Author Summary Recent Zika virus outbreaks have been associated with congenital diseases and neurological complications. An enhanced understanding of the molecular biology of this pathogen may contribute towards the development of improved treatment and control methods. We present a single-codon resolution analysis of Zika virus translation in mammalian and mosquito cells using ribosome profiling. The analysis revealed two hitherto uncharacterized uORFs in the 5′ leader of Zika virus Brazilian isolate PE243, both of which are occupied by ribosomes during infection. In contrast, these two uORFs are fused into a single uORF in African isolates. This observation provides a new avenue for further investigations into potential factors involved in the emergence of Zika virus from a rarely detected pathogen into a major epidemic.
Introduction
Zika virus (ZIKV) is an emerging Aedes mosquito-borne flavivirus, initially isolated in Uganda in 1947 (1). The first large epidemic was reported from Yap Island in the Western Pacific in 2007, and the virus has since spread through Oceania, with Brazil the centre of the current epidemic. Until recently, ZIKV was not viewed as a particularly important pathogen, as the majority of infections are asymptomatic, and symptomatic infections resemble mild cases of dengue fever (2). It is now apparent that infection can cause substantial neurological disease, such as Guillain-Barrésyndrome (3) and microcephaly in neonates (4). More than 200 genomic sequences for ZIKV isolates are now publicly available (5); however, there are limited functional genomics data for this pathogen.
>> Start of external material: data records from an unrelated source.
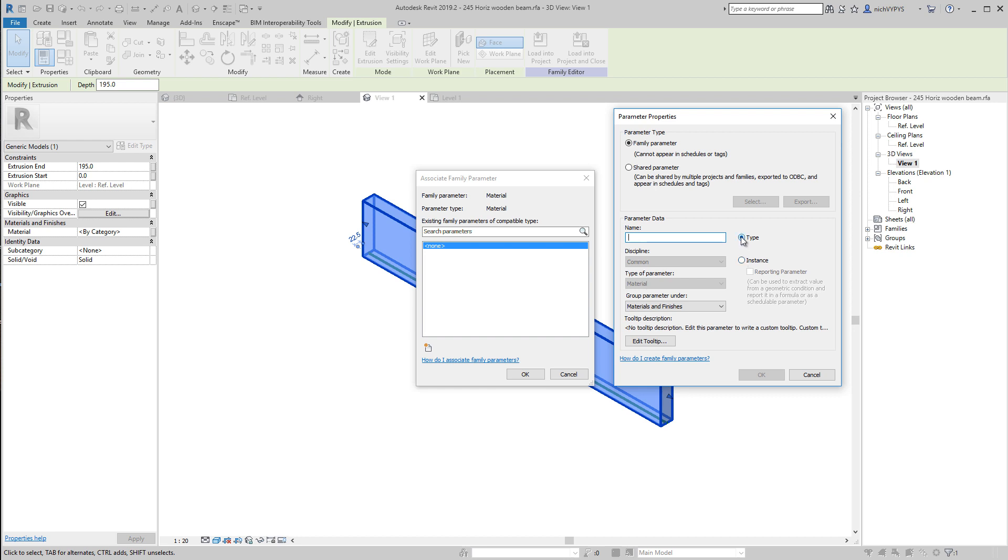If I want to control it as we controlled the dimensions on the beam as we did before when we created the beam, it's supposed to be type. So hopefully now you can begin to understand the difference between type and instance. Let's try to name this color.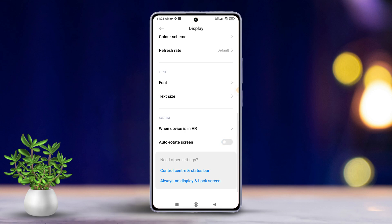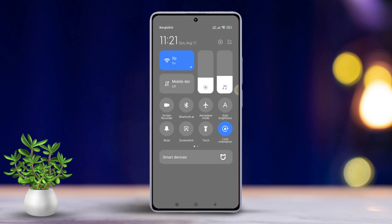You can also manage this feature directly from the quick settings panel. To do that, swipe down from the right side of your screen to access the quick settings. Look for the lock orientation icon and tap on it to toggle it on or off.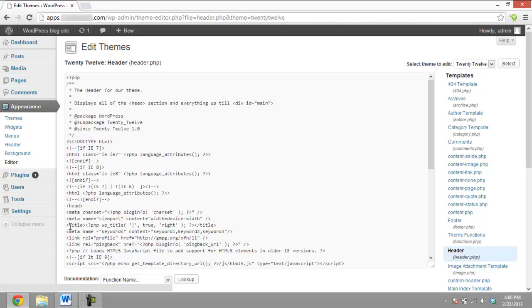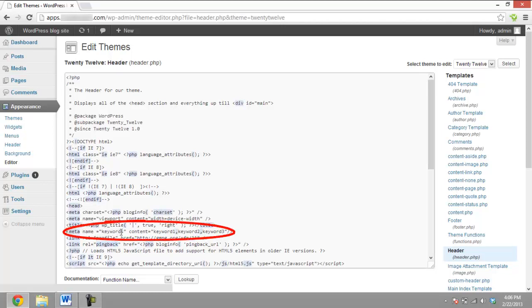Under the Title tag, there will be the code where you can change the keywords. The line of code which starts as meta name equals keyword contains a list of keywords for your WordPress blog.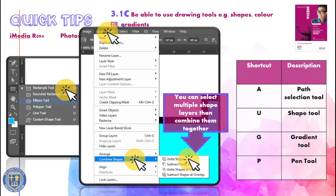In this video we're going to go through how to use drawing tools, so shapes and colour fill and gradients. We want to be able to add shapes that look really good in Photoshop.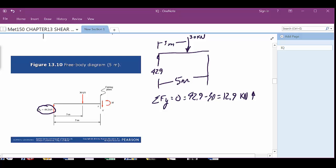So the internal shear V must act downward as shown, and the magnitude is 12.9 kilonewtons. But that is considered positive, because the 12.9 net force is actually pushing this left side up — and we said earlier that if it's trying to push the left side up, the internal shear force is considered positive.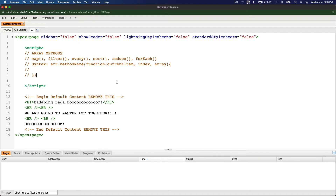Let's discuss array methods. In LWC we have several common array methods or functions that we will be using. In this particular video we are going to discuss map, filter, every, sort, reduce, and forEach. Before we dive in, let's get used to writing the syntax of the array methods.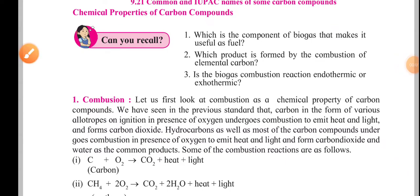Hello everyone, welcome back to my YouTube channel. Today we are going to see the Maharashtra State Board, Class 10, Science 1, Chapter 9, Carbon Compounds. This is the third part of the video for this particular chapter.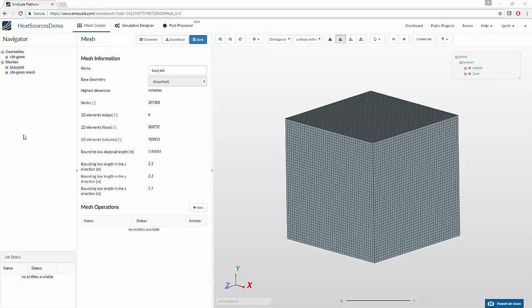Hello SimScale users. Today I will be walking you through how you can use volumetric heat sources in your simulations. This option is available for two simulation types: the first being convective heat transfer simulations without the Boussinesq approximation, and the other is CHT.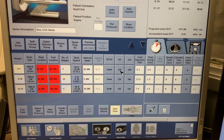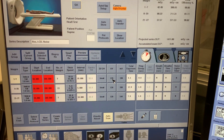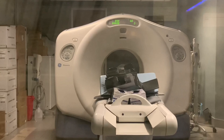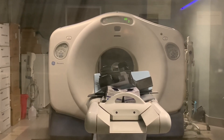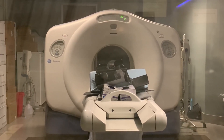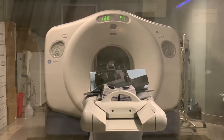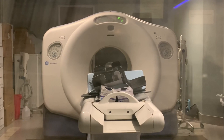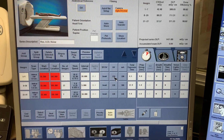Red boxes under the CT scan location tab indicate a system scan condition that must be resolved before the software will allow scan operations to resume.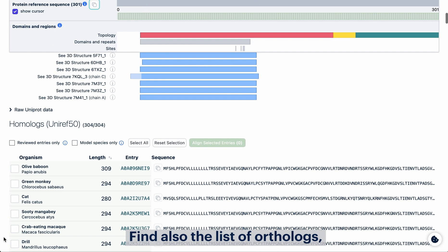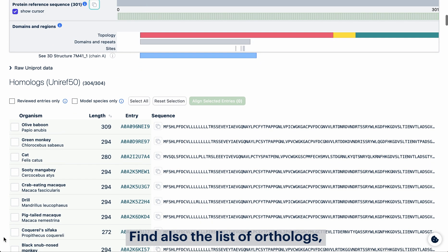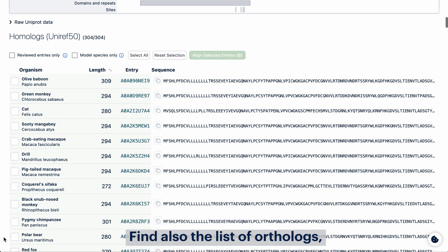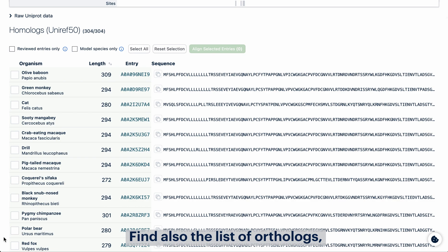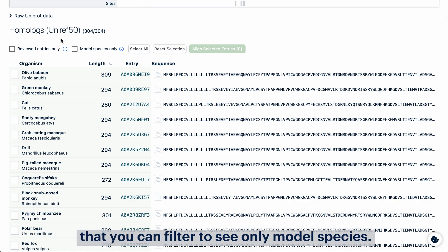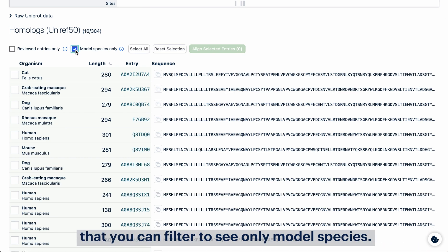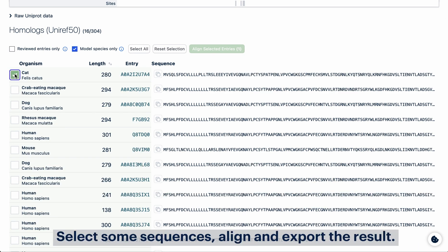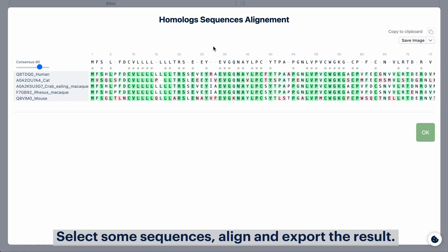Find also the list of orthologues that you can filter to see only model species, select some sequences, align, and export the result.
Like other flaviviruses, ZIKV possesses a positive-sense, single-stranded RNA genome (gRNA) of ~11 kb, which contains a long open reading frame (ORF) flanked by 5′ and 3′ “untranslated” regions (UTRs) of approximately 100 and 400 nucleotides, respectively (Fig. 1A). The ORF encodes a polyprotein which is cleaved by host and viral proteases to yield three structural proteins located in the N-terminal region (capsid - C, precursor/membrane - Pr/M, and envelope - E) and seven non-structural proteins (NS1, NS2A, NS2B, NS3, NS4A, NS4B, NS5) (6). Consequently, these proteins are expected to be produced in equimolar amounts during infection, although the former set are presumed to be required in higher quantities for the production of progeny virus particles (7). Indeed, in the flavivirus lineage that includes West Nile virus, efficient ribosomal frameshifting in the NS2A region diverts up to 50% of translating ribosomes into an overlapping ORF, resulting in a substantial reduction in synthesis of the 3′-encoded replicative proteins relative to the 5′-encoded structural proteins (8). A similar phenomenon is also seen in a group of insect-specific flaviviruses (9).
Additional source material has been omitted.